As the Lok Sabha election 2019 is round the corner, about 500 girls from Assam, aged between 14 to 19 years, have prepared a ‘Children’s Agenda’ focusing on health, nutrition, education, sanitation, hygiene, water and protection of children.
The group of girls has already approached politicians of different political parties of the State to include their concerns such as flood-resilient infrastructure in the election manifestos of the political parties for upcoming parliamentary polls, say media reports.
The children and the teens have asked whether the disaster-prone areas in Assam have been given priority by the parties.
As per reports, more than 500 children prepared the ‘Children’s Agenda’ under the guidance of UNICEF, Assam and the Adolescent and Children Rights Network, Assam (ACRNA), a forum of 21 NGOs working for children in the State where raging floods hit millions of people in the State.
The report quoted Chiranjib Kakoty of ACRNA as saying: “The children voiced their request for flood-resilient infrastructure, particularly schools. They said beyond erosion, the main issue was flooding because they were not in a position to attend schools… the schools were not accessible.”
It is a known fact that during floods, hundreds of schools across Assam remain submerged and hundreds of others are turned into relief camps for giving shelter to the flood-hit people affecting education of the school children.
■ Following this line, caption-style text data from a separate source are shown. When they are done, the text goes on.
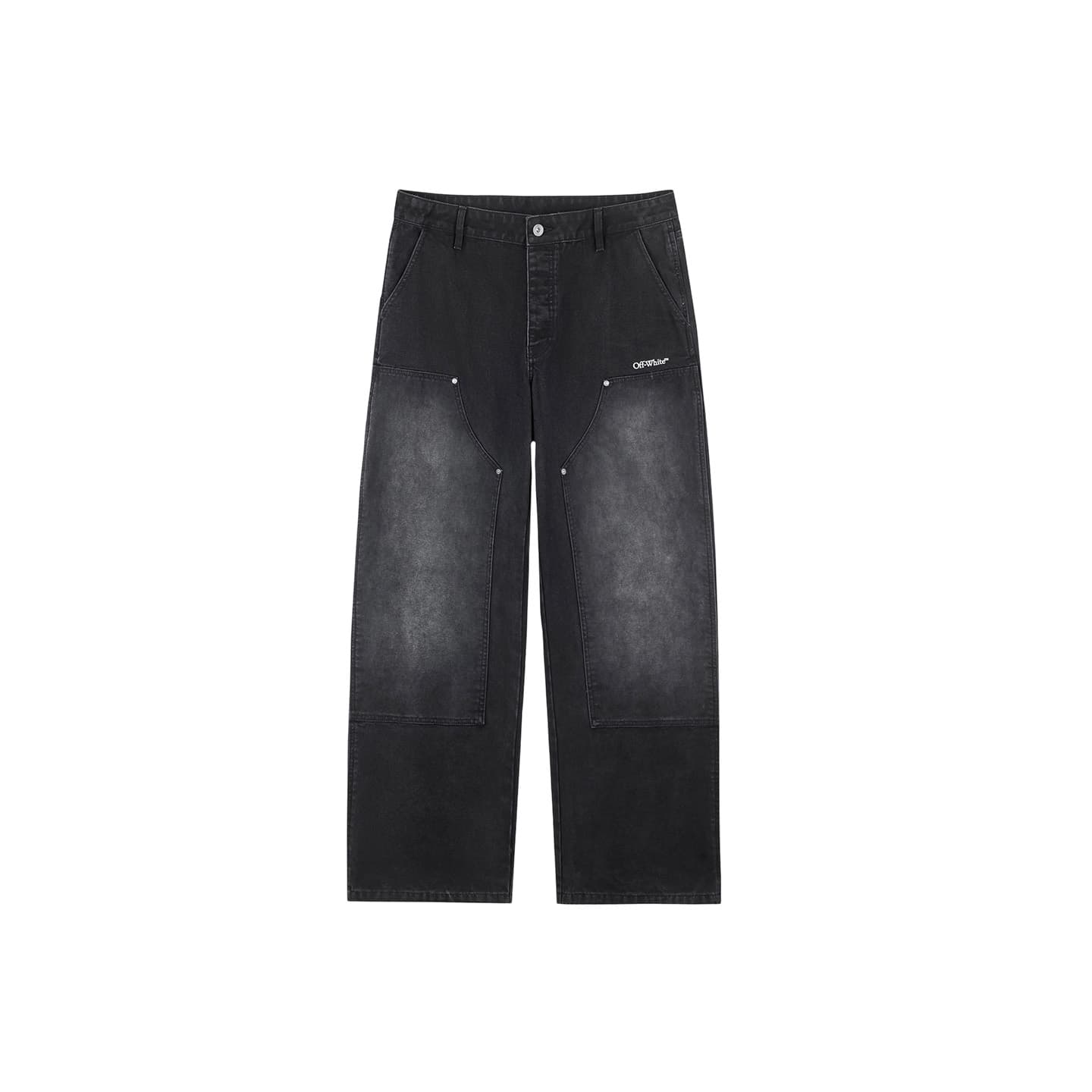 OFFWHITE Jeans Gift Box Set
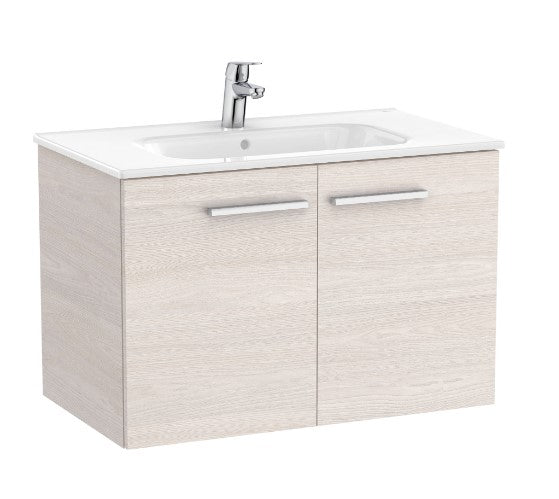 Roca Victoria 2 Door 600 x 450mm Vanity Unit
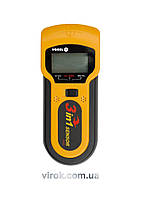 Детектор металу і напруги [20] Baumar - Порадуй Себе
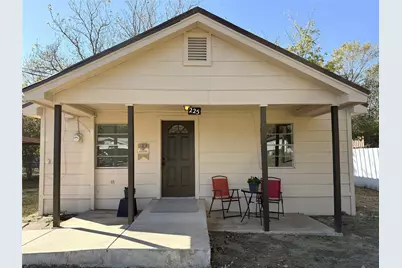225 College Street, Roxton, TX 75477 - Photo 23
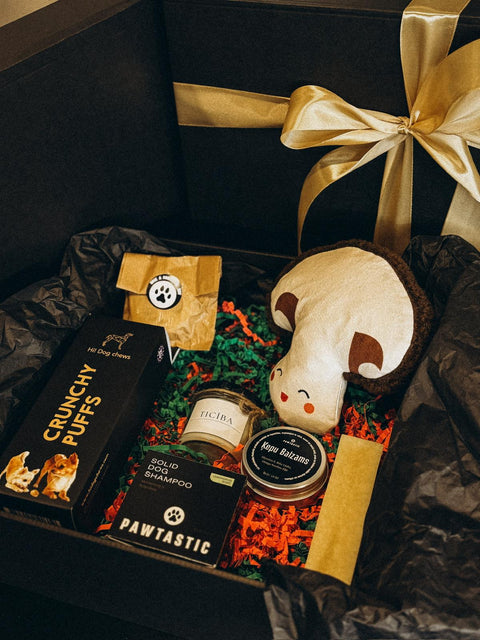 PAWFF CARE Gift Box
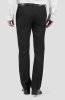 Pánské kalhoty BANDI, model STRAIGHT FIT BENDURO Nero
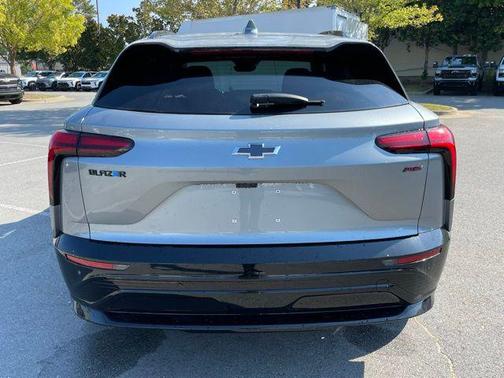 2025 Chevrolet Blazer EV RWD RS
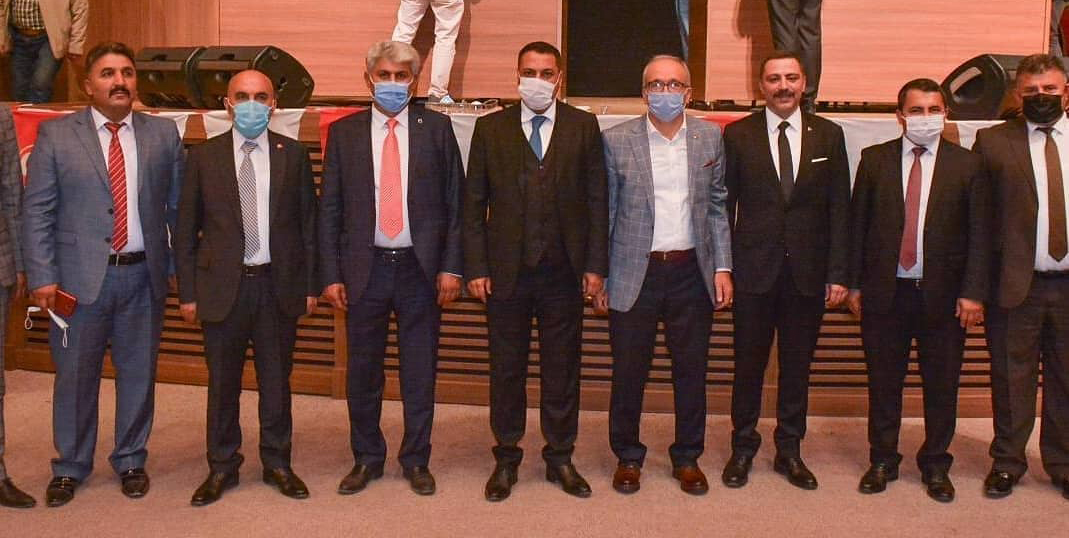 Sorgun Belediye Başkanı M Erkut Ekinci, yayınladığı mesajında hafta sonu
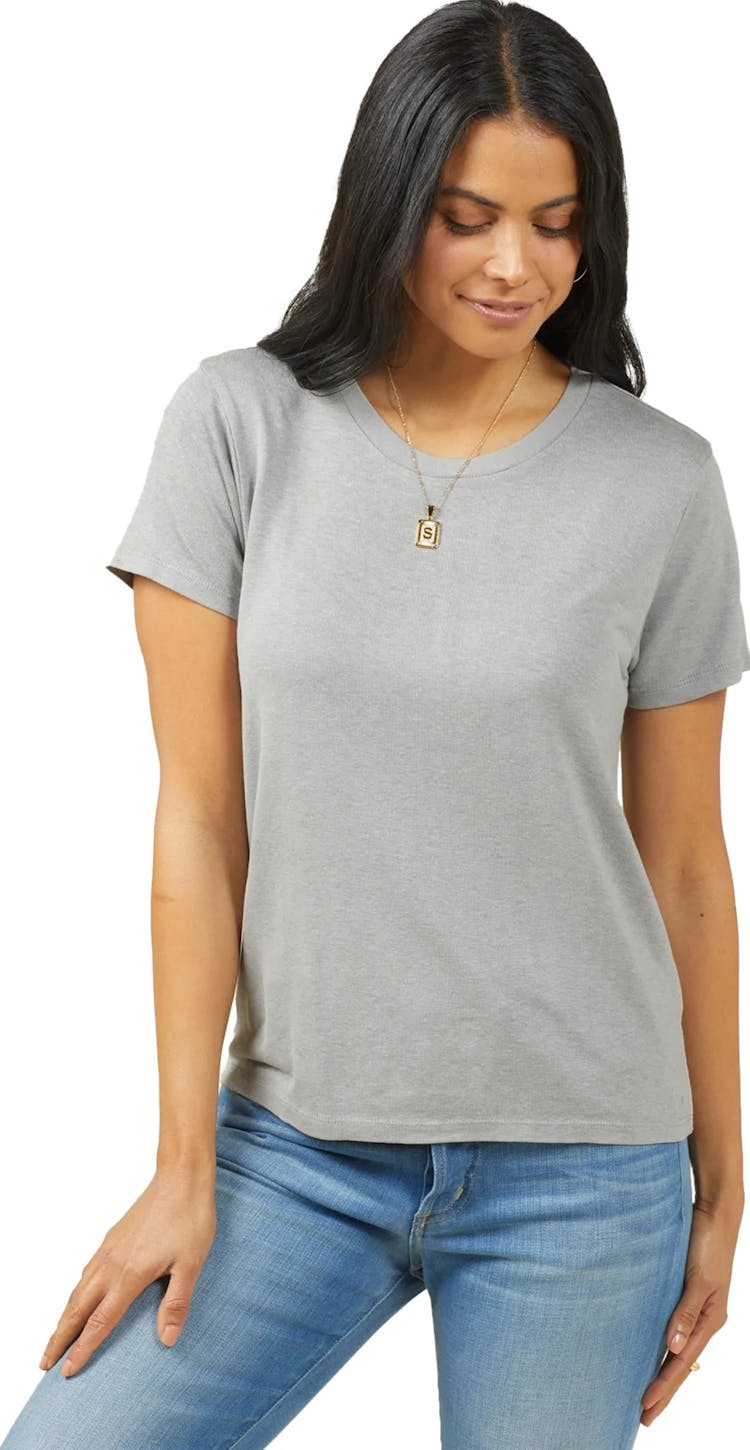 Product gallery image number 1 for product Neptune Tee - Women's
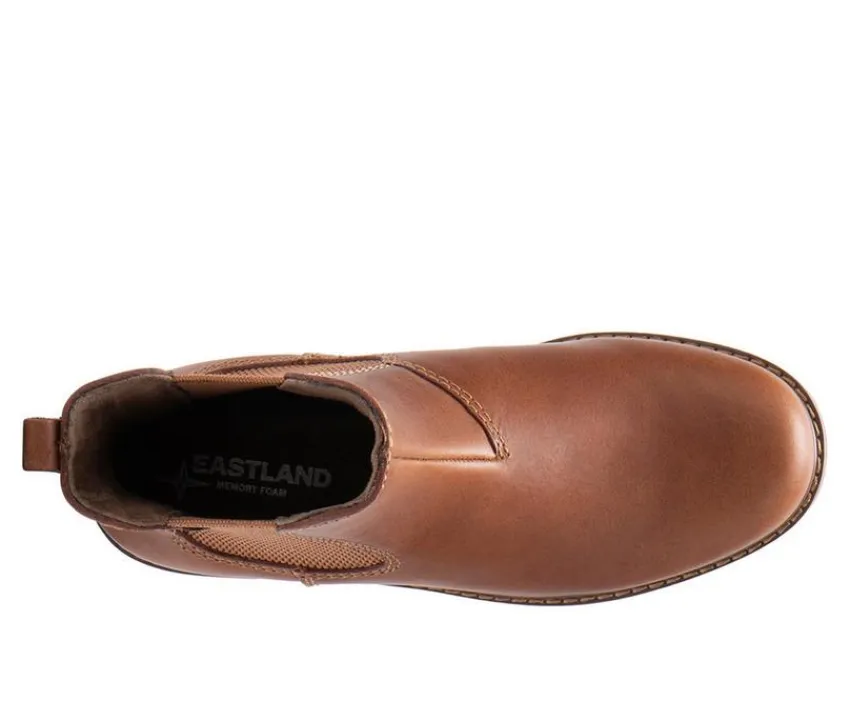Women's Ida Chelsea Boots|Eastland Outlet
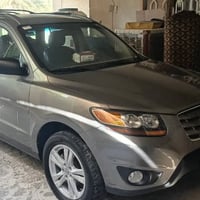 للبيع سنتافي موديل 11 محرك 2400 دوش رقم بغداد تبريد تخم تاير 079024960...
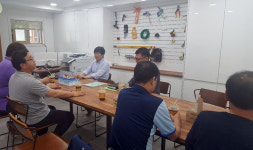 삼척 도계 수리수리협동조합, 예비사회적기업 지정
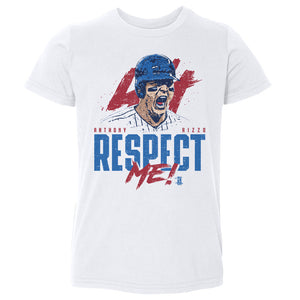 Anthony Rizzo Kids Toddler T-Shirt | 500 LEVEL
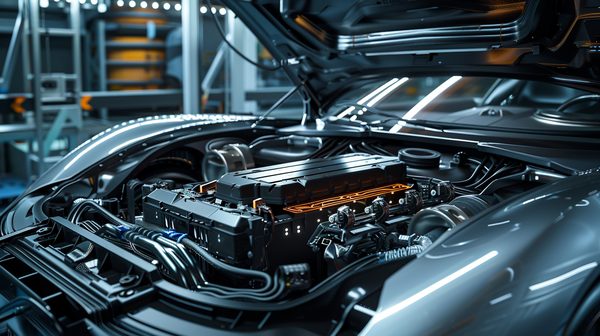 Découvrez les avantages des batteries de démarrage lithium Hyperion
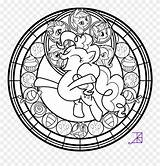 Pinkie Dash Pinclipart Twilight Fluttershy Applejack Rarity sketch template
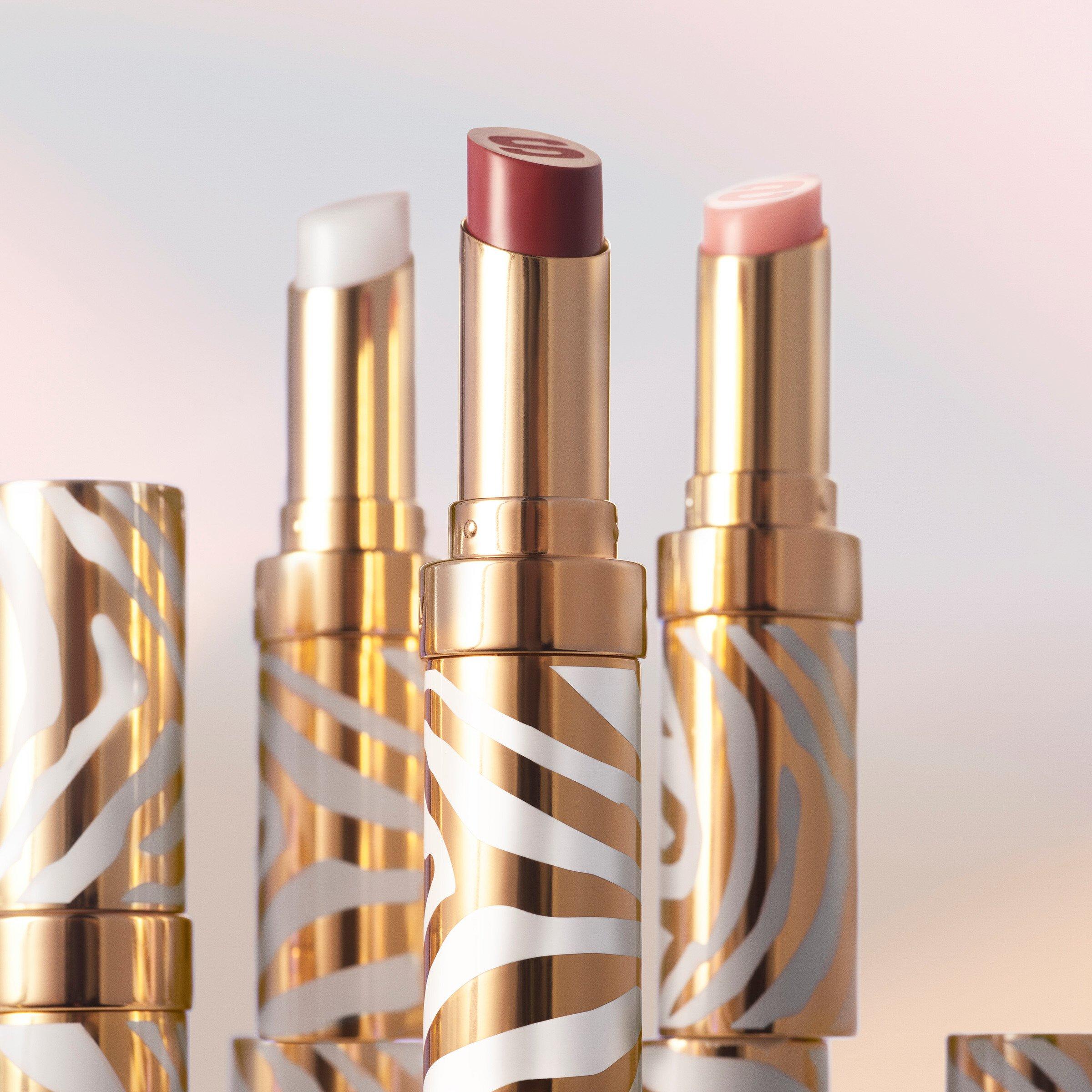 2 Pink Glow - Sisley - Phyto-Lip Balm - 4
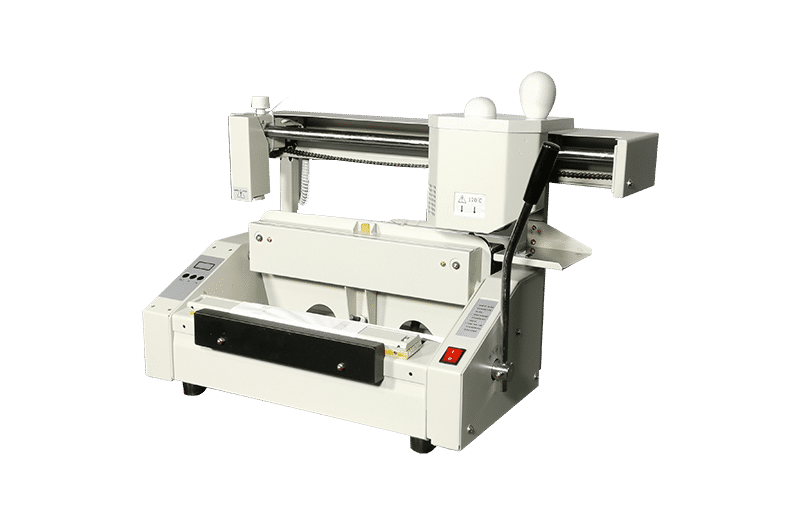 JB-3 NO MOQ Office Use Electric Book Perfect Binder A4 Paper Glue Binding Machine Manufacturer Hard Cover Set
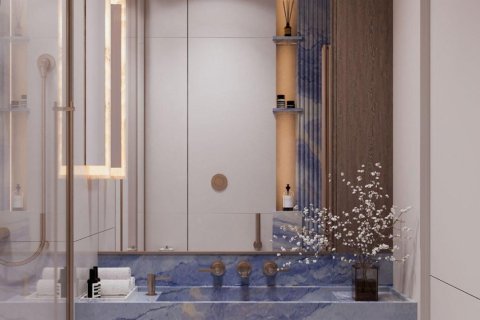 Appartement de Studio  No. 106068 8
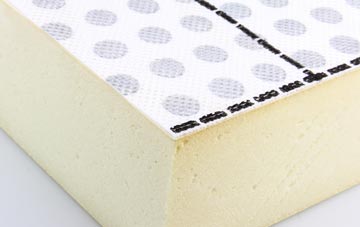 meeting Cwm Dulais building codes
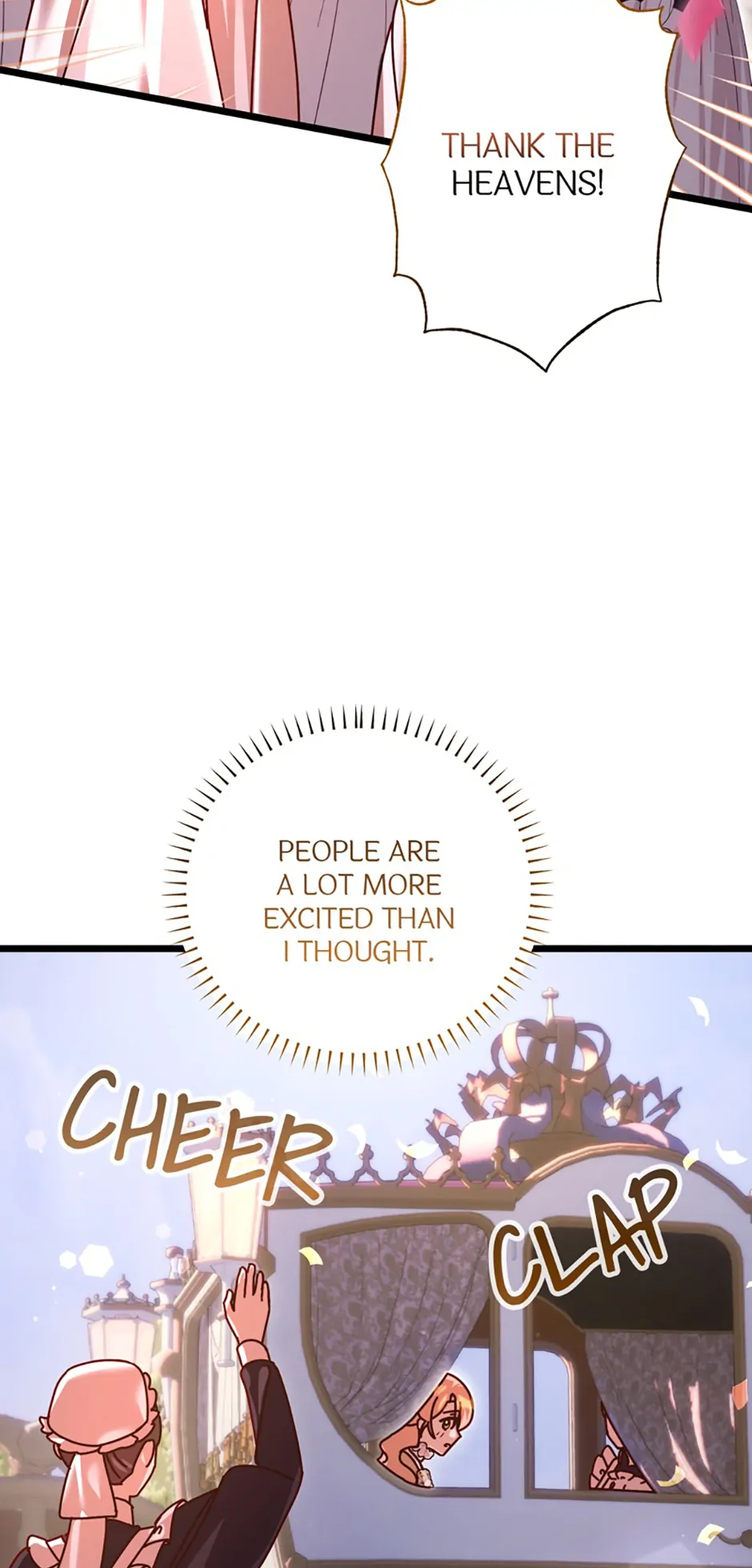 I Shall Conquer the Unruly Beasts Chapter 42 236 ch 42 22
Besides other issues, the issues of the challenge of availing safe drinking water during the flood season and lack of proper toilets during the disaster have been raised.
A group of teenage girls has already handed over the copies of the agenda and discussed their concerns with five political parties including the Bharatiya Janata Party (BJP), Asom Gana Parishad (AGP) and the Congress.
The report quoted further quoted Kakoty as saying: “The idea of having some residential facility in the season because what happens is sometimes the distance between the place of residence and the school is so great that even if you have resilient infrastructure if you can’t access them, it has no meaning at all for them.”
Kakoty also said: “Once you drop out of school the spiralling down begins. It could be child labour, it could be child marriage and sometimes it could also be child trafficking.”